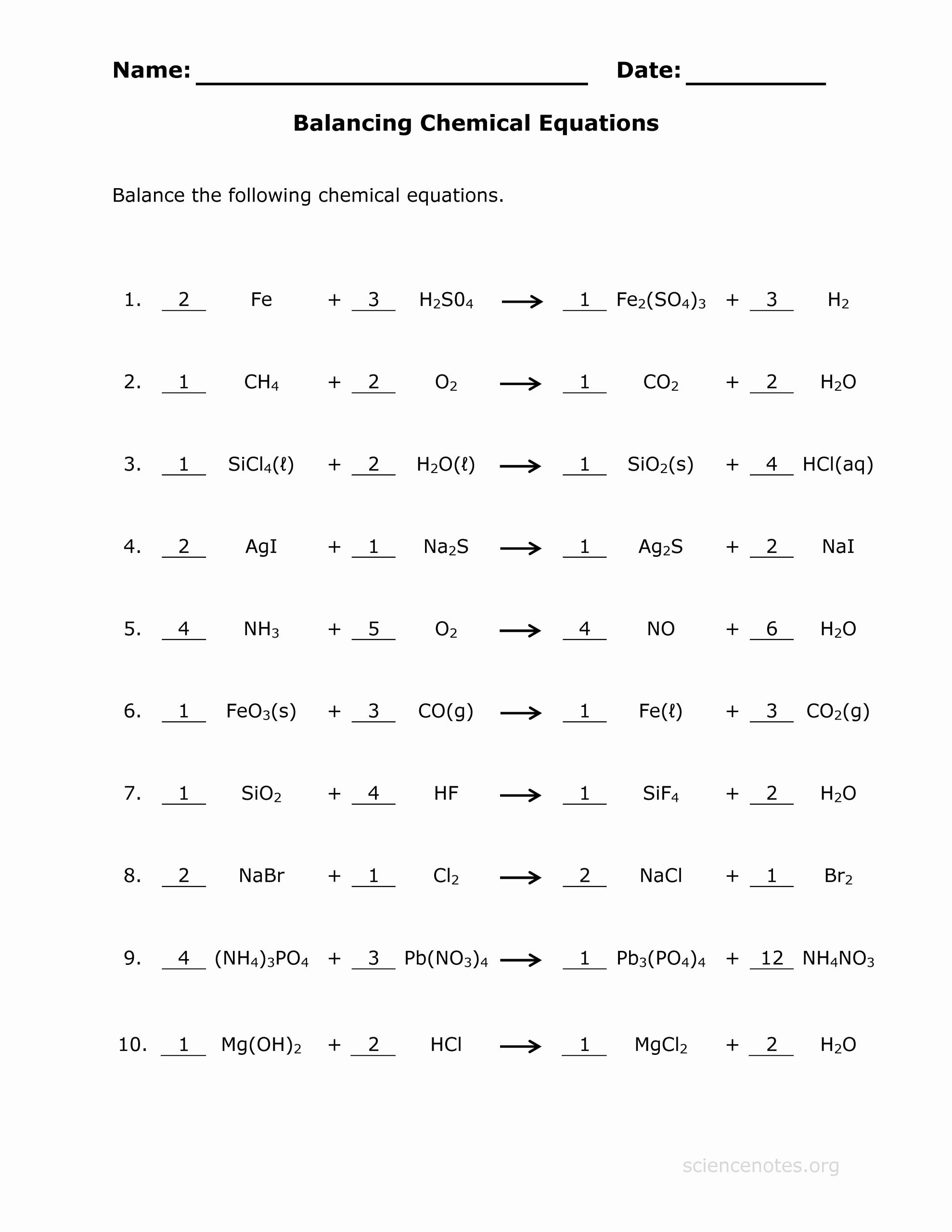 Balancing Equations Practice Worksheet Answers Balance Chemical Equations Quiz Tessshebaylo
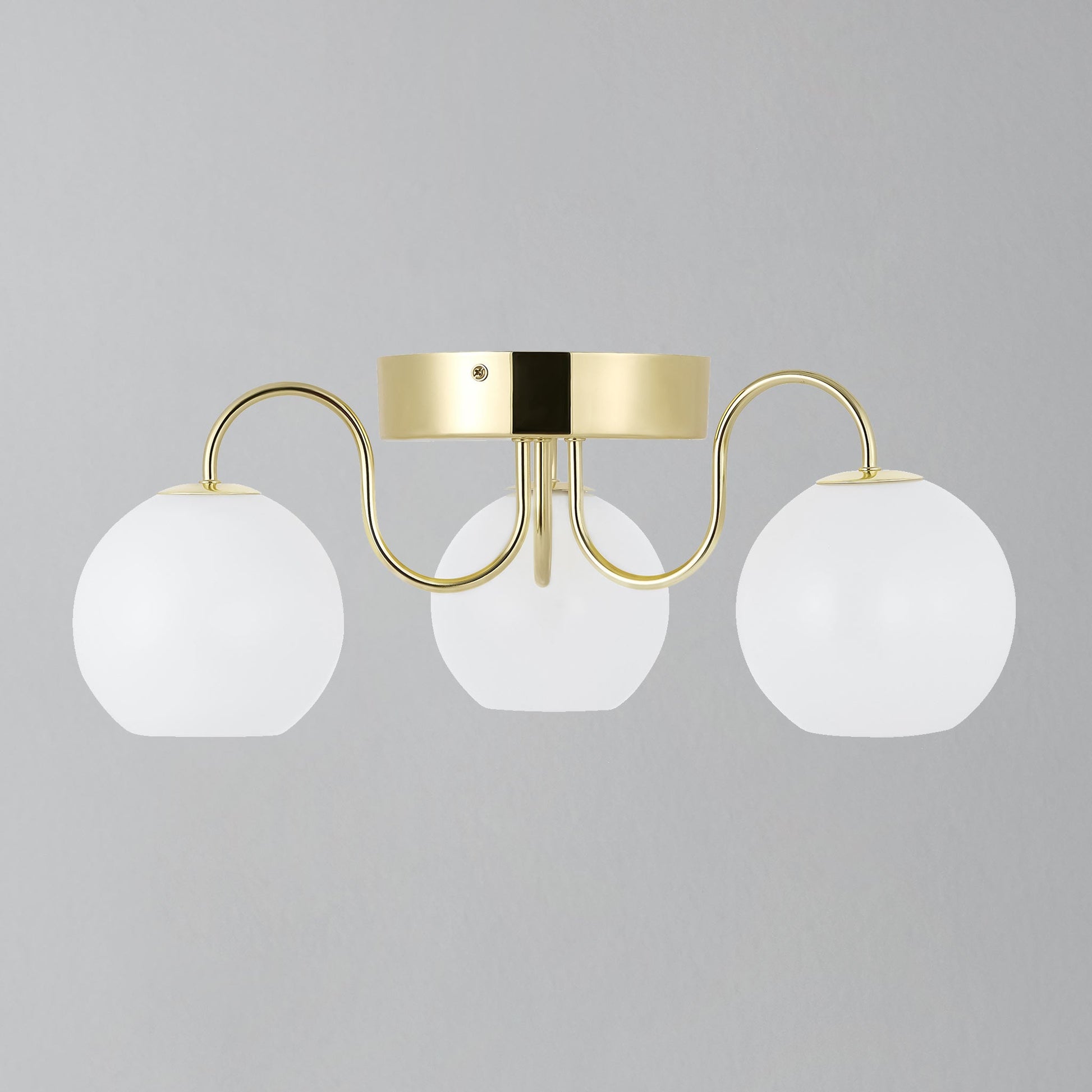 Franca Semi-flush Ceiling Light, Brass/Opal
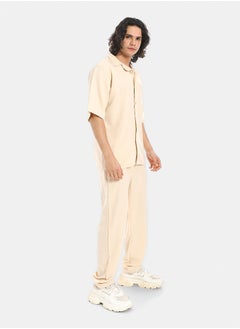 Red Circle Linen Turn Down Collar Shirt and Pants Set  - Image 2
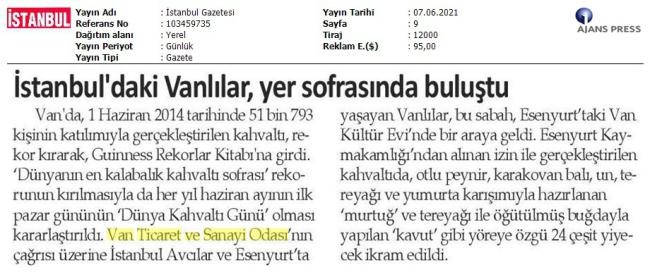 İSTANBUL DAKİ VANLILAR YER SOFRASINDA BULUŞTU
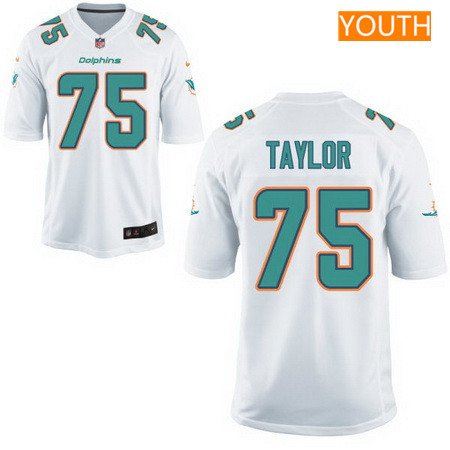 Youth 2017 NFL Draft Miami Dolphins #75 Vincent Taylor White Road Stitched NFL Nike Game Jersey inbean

> DESCRIPTION OF THE TASK:
Begin at the line containing "Franca Semi-flush Ceiling Light, Brass/Opal" and write out every line to the end of the data exactly. Skip the pictures.

> SOLUTION TO THE EXERCISE:
 Franca Semi-flush Ceiling Light, Brass/Opal
 Red Circle Linen Turn Down Collar Shirt and Pants Set  - Image 2
 İSTANBUL DAKİ VANLILAR YER SOFRASINDA BULUŞTU
 Youth 2017 NFL Draft Miami Dolphins #75 Vincent Taylor White Road Stitched NFL Nike Game Jersey inbean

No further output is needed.